All these sartorial choices were questioned when we got there and saw the long line of people waiting to get in all in suits and ties and dresses and high heels and saris. Feeling rather shabby we joined the line and realized that it was there because of some name checking that was happening. Now, we had been reliably informed that normally all you had to do was turn up with your passport/national ID, and you and your ‘accompanying person’ would get it. But this year, for some reason, they went all batshit security mad, and everyone had to be on a list and have an email or a card, etc. We also realized that by ‘accompanying person’ they meant partner. Flamenca promptly declared that I was her husband’s wife and we twiddled our thumbs as we inched closer and closer to the woman in ill-fitting sari who was checking. Flamenca told her that we were on the list but hadn’t received the email. She, obviously, didn’t find us on the list, and then directed us to talk to another woman, who was in a rather better fitting lehenga choli. We milled about waiting for her to see us, and then someone else we know came up and said I don’t have email either. At which point we decided to just walk in. And we did!

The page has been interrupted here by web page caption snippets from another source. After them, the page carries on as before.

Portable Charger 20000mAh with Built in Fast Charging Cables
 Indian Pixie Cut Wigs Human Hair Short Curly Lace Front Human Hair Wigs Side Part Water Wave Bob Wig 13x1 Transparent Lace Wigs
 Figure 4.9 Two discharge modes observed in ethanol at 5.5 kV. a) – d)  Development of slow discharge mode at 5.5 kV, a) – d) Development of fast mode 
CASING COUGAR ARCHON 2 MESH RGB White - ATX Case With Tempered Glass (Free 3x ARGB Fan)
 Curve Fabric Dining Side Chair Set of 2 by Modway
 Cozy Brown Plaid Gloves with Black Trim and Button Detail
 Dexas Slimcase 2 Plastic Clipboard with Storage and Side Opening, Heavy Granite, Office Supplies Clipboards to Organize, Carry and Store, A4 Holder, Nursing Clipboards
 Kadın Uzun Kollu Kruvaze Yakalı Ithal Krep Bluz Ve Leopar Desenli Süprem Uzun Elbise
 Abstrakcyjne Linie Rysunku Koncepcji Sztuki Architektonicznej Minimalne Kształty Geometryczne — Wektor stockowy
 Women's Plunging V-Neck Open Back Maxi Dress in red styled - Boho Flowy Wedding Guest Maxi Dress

As we rounded the corner (the embassy is in this EXQUISITE brit era house like the one that my friend Chica used to live in cos his dad was in the IFS) and ran smack into another line. Wondering what this was, we shuffled along making desultory conversation, with the Spaniards exclaiming that this was excessive and embarrassing I was asked if I was Colombian. Actually I was asked this often that night and I always said yes =D But then I had to say no, cos you know lies and all. Anyway, it turned out that the line was to shake hands with the ambassador, his wife and two more men. It was hilarious.
Eventually released into the huge garden, we fell like wolves upon the Spanish wine and the bits of tortilla, which I was eventually informed were for TASTING ONLY. The wine was exquisite, as always, but the food was terrible. It was mediocre Punjabi food. Ugh.
We knew a lot of people at that party, so we flitted about saying hello and whatnot. I ran into an old professor, who has not changed a bit–I shall say no more to be diplomatic. But the main problem with that party was that it was too damn European! Seriously. All stiff-necked and snooty. Eventually we created a sidebar next to the pool (!!), with Flamenca and Mr Flamenca, their bassist and his wife, me, and a couple that Flamenca inadvertently set up by making them dance at a concert. The Syrian bassist, who looks for some reason like he’s from the secret police, would walk to the bar and say give us a bottle of red and they’d just meekly hand it over. At one point we started getting them in twos! This miniparty was, of course, much fun, with all us hippies having random conversations such as the use of the subjunctive in English etc. That one was sparked by the bassist asking me how long I’d been in India. If I had a dollar…
At one point, the DJ started to play Señorita. And it is hysterical the way nearly half the party just surged onto the dance floor and began to boogie like mad doing fake flamenco. Really. I couldn’t dance for laughing. Then they played chammak challo, which sparked even more hysteria. Then they switched to Spanish music.
The rest of the details of that night escape me, but there were some really bizarre highlights. Flamenca is doing some work with a couple of businessmen, one in his late forties and one in his late sixties. She calls the latter Mick Jagger because she says he’s very youthful in this unnerving way. I dismissed her out of hand, saying there’s no way a sixty-year-old could be hot. And then I met him. Holy Mary mother of Jesus! It is just wrong that a man his age should be that attractive. It didn’t help that he was all superbly dressed and horrible chivalrous and flirty.
Then there is this particular gay man who used to be very thick with us, but got bitchier and bitchier and we decided to ignore him. He was there, and then very drunkenly wanted to bond with both of us. At the end of the night, he was standing at the table with Flamenca, me and the businessmen, and he began to tell us how he wanted to get home really fast because HE WAS GOING TO HAVE SEX WITH HIS HUSBAND! ‘MY HUSBAND HAS SUCH A HUGE COCK AND I LOVE HAVING SEX WITH HIM BIM BAM BOOM!’ We were in shock. Then he said ‘MY HUSBAND HAS GIANT BALLS FILLED WITH SEMEN.’ This was too much for us and we had to run away and giggle frantically.
And then there was the mad auto ride at 2am, all the way back here and the frantic devouring of dosias made form idle batter before collapsing in bed, to wake up the next morning and make strange cat videos with G-Jams.